(Collected data)
··········

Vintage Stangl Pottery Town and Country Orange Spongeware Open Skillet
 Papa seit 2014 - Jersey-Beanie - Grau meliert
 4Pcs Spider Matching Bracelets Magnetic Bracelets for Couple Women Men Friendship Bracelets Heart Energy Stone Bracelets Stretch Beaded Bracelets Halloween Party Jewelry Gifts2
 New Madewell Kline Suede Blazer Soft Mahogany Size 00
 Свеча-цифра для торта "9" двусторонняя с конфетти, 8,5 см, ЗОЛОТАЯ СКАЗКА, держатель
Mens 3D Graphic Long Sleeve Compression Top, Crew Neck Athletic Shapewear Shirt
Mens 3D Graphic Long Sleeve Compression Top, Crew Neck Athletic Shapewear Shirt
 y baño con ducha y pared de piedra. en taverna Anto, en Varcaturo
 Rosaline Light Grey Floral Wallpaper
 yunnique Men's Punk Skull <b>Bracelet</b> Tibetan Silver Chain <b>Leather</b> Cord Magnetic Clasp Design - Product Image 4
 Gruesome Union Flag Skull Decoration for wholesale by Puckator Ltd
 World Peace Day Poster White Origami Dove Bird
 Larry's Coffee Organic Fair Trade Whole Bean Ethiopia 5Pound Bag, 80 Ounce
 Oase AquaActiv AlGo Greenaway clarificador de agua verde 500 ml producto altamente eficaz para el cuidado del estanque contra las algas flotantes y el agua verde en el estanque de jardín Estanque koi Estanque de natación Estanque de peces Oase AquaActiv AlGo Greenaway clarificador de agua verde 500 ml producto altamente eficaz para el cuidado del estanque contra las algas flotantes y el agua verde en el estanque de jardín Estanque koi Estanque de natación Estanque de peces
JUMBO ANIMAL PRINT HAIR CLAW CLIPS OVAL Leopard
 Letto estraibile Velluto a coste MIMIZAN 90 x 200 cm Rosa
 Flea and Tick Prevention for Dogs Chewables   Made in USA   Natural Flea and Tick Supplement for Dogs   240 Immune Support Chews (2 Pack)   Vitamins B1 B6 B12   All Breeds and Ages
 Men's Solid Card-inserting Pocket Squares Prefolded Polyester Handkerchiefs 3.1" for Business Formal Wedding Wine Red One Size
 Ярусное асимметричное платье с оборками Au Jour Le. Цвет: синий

··········

**Problem details:** Produce only the lines from the line containing "y baño con ducha" through the line containing "World Peace Day", inclusive of both, exactly as they stand in the entries above.

**Final answer:**
 y baño con ducha y pared de piedra. en taverna Anto, en Varcaturo
 Rosaline Light Grey Floral Wallpaper
 yunnique Men's Punk Skull <b>Bracelet</b> Tibetan Silver Chain <b>Leather</b> Cord Magnetic Clasp Design - Product Image 4
 Gruesome Union Flag Skull Decoration for wholesale by Puckator Ltd
 World Peace Day Poster White Origami Dove Bird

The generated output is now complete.